_Records shown:_
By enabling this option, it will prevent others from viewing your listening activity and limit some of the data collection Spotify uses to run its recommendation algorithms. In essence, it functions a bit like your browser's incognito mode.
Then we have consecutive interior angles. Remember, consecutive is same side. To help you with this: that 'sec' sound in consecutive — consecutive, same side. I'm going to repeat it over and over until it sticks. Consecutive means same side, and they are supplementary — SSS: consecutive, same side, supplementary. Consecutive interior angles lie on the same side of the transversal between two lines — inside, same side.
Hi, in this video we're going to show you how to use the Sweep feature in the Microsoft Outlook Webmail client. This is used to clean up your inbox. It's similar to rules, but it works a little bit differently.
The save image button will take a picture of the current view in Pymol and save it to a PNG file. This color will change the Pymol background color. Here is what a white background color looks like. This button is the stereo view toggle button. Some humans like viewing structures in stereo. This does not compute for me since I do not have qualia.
--
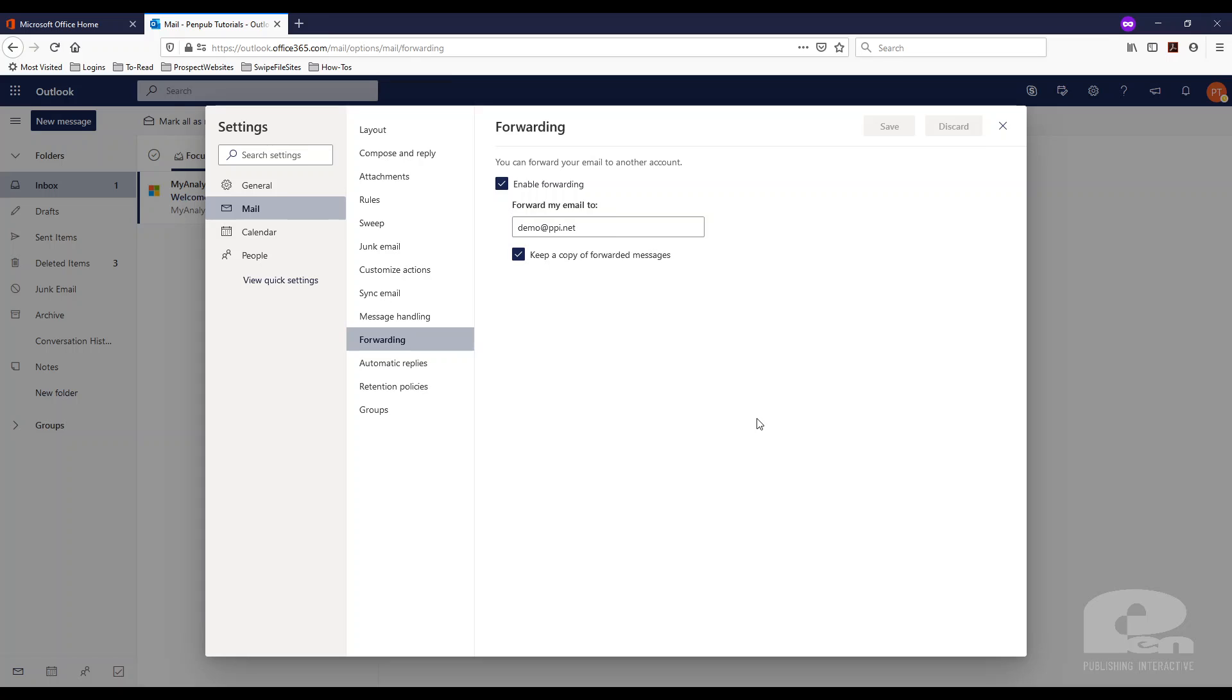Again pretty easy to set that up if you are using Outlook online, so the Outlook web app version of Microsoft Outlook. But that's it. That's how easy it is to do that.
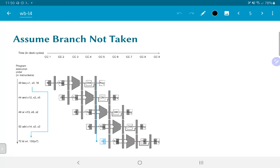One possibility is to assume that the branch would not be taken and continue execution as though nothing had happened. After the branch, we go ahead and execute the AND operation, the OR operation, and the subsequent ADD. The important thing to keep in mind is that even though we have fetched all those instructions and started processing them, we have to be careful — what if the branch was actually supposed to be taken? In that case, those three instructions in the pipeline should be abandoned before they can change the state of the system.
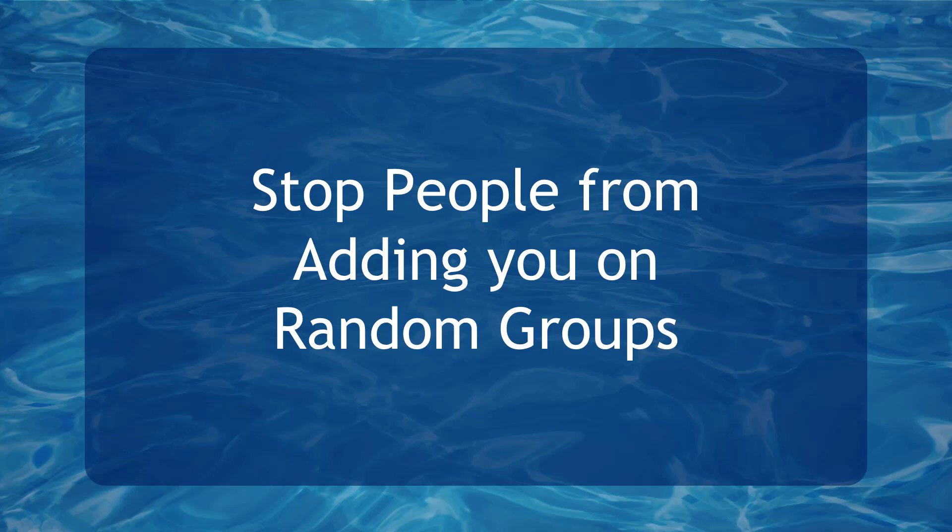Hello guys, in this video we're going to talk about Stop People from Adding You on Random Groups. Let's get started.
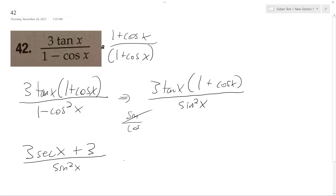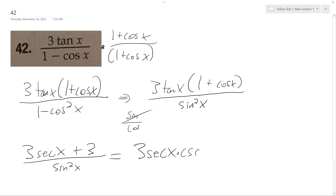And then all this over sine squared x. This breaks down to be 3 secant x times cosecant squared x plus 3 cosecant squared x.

_Requirement:_ Given the records above, restate word for word only the lines starting at the one with "Hi, in this" and ending at the one with "The save image".

_Answer box:_
Hi, in this video we're going to show you how to use the Sweep feature in the Microsoft Outlook Webmail client. This is used to clean up your inbox. It's similar to rules, but it works a little bit differently.
The save image button will take a picture of the current view in Pymol and save it to a PNG file. This color will change the Pymol background color. Here is what a white background color looks like. This button is the stereo view toggle button. Some humans like viewing structures in stereo. This does not compute for me since I do not have qualia.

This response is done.